### YOUR INSTRUCTIONS
Scan the records beneath this line for the line holding "Brown Velvet Logo Waist Silver Buckle Belt" and the line holding "Tris felpe adulti", then transcribe exactly those two and all lines between.

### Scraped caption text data

************

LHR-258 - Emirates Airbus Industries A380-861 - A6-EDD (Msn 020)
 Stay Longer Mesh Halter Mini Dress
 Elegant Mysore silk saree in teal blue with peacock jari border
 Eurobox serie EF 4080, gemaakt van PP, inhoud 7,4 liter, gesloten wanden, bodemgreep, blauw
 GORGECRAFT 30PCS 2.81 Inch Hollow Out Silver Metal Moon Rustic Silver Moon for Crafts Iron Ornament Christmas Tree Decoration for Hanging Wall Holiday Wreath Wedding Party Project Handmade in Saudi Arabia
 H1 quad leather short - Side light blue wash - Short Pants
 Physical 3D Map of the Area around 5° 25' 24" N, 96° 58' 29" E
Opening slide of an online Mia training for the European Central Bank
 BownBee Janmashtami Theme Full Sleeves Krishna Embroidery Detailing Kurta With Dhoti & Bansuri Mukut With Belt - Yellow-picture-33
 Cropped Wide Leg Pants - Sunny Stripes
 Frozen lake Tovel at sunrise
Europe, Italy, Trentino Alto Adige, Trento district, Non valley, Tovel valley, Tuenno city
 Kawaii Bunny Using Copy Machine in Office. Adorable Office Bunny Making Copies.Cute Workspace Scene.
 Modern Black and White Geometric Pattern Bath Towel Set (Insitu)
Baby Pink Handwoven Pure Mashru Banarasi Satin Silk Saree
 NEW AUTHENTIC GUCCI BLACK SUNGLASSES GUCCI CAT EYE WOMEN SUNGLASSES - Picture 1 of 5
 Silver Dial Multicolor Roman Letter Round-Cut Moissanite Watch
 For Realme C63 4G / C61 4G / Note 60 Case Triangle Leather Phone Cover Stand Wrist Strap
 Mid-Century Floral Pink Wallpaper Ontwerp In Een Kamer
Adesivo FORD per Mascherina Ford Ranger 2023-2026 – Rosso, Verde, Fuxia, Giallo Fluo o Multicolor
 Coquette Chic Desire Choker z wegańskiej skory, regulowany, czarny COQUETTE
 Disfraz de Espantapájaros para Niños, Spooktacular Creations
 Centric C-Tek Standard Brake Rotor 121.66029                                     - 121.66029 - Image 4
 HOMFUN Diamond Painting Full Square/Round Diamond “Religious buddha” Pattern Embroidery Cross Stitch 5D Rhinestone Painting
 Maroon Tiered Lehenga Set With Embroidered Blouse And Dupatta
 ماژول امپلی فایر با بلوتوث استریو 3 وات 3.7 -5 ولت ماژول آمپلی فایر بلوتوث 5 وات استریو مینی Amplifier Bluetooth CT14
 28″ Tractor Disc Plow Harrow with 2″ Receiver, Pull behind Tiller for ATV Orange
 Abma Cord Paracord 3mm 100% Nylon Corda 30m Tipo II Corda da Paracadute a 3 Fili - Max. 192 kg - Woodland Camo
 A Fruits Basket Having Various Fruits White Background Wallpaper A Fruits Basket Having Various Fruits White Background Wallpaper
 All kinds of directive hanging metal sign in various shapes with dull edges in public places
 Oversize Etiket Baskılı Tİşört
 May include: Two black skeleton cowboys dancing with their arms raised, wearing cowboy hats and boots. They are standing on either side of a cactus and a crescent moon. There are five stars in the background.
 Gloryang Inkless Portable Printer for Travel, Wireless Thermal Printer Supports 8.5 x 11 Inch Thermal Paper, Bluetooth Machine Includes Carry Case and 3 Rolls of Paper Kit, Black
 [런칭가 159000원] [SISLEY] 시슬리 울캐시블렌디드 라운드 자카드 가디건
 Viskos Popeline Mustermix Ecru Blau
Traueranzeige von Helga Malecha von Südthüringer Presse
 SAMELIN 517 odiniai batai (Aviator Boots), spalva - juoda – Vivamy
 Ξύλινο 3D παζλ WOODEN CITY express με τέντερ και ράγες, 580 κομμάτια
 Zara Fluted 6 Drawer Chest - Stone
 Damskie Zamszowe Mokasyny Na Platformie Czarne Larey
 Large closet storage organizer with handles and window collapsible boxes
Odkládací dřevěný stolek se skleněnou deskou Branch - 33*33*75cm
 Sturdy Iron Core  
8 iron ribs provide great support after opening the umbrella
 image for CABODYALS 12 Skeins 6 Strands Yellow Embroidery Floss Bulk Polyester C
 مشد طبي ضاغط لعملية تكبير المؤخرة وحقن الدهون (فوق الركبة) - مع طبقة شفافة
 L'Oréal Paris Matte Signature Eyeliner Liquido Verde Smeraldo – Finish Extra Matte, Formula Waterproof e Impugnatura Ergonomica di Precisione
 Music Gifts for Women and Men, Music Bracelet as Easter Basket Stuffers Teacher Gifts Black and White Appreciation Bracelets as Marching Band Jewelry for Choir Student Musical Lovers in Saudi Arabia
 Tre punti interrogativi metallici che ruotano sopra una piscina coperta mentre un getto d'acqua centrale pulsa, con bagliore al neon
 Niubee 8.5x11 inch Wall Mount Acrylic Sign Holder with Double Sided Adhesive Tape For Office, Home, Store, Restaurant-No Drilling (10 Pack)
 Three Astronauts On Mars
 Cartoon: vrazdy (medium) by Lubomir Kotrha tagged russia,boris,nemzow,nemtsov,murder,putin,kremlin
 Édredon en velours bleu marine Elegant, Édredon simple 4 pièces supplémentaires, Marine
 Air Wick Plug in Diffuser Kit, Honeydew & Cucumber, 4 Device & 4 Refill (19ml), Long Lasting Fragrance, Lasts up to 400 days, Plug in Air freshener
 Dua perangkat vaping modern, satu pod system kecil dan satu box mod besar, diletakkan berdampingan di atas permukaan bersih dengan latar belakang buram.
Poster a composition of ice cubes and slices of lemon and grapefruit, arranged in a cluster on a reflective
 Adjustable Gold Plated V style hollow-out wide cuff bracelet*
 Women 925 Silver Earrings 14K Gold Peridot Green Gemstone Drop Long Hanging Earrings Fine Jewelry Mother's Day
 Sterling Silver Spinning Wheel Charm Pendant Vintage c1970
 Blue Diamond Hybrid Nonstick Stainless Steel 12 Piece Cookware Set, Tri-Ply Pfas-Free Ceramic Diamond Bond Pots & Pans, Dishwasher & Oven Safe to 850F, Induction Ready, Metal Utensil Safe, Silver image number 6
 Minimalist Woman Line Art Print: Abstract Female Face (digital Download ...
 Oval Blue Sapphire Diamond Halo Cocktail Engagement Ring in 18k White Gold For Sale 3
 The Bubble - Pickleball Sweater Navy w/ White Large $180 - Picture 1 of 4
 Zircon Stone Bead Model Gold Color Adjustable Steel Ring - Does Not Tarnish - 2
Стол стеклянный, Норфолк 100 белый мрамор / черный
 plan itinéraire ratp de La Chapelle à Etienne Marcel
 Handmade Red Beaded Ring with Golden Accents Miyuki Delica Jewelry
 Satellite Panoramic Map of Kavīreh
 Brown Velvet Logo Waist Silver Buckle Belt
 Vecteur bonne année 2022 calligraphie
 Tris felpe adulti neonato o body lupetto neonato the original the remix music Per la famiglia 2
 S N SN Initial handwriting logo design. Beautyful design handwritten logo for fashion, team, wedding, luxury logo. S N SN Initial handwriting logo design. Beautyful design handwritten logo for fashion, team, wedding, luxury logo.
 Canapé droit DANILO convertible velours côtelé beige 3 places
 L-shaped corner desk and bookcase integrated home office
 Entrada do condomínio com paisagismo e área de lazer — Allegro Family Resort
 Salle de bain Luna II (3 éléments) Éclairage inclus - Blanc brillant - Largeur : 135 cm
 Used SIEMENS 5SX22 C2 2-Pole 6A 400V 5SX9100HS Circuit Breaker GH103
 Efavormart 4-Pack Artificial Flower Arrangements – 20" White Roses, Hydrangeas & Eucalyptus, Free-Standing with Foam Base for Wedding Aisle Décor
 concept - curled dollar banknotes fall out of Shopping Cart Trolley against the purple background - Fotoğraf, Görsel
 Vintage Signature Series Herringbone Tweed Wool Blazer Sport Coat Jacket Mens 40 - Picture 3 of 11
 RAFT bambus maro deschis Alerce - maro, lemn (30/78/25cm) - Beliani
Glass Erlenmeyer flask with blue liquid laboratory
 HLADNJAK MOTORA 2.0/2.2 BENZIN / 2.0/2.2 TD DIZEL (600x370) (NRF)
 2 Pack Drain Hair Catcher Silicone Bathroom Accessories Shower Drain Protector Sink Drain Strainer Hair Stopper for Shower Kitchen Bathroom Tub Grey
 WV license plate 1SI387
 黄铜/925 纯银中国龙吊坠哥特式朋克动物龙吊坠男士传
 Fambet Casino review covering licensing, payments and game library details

************

### SOLUTION TO THIS EXERCISE
 Brown Velvet Logo Waist Silver Buckle Belt
 Vecteur bonne année 2022 calligraphie
 Tris felpe adulti neonato o body lupetto neonato the original the remix music Per la famiglia 2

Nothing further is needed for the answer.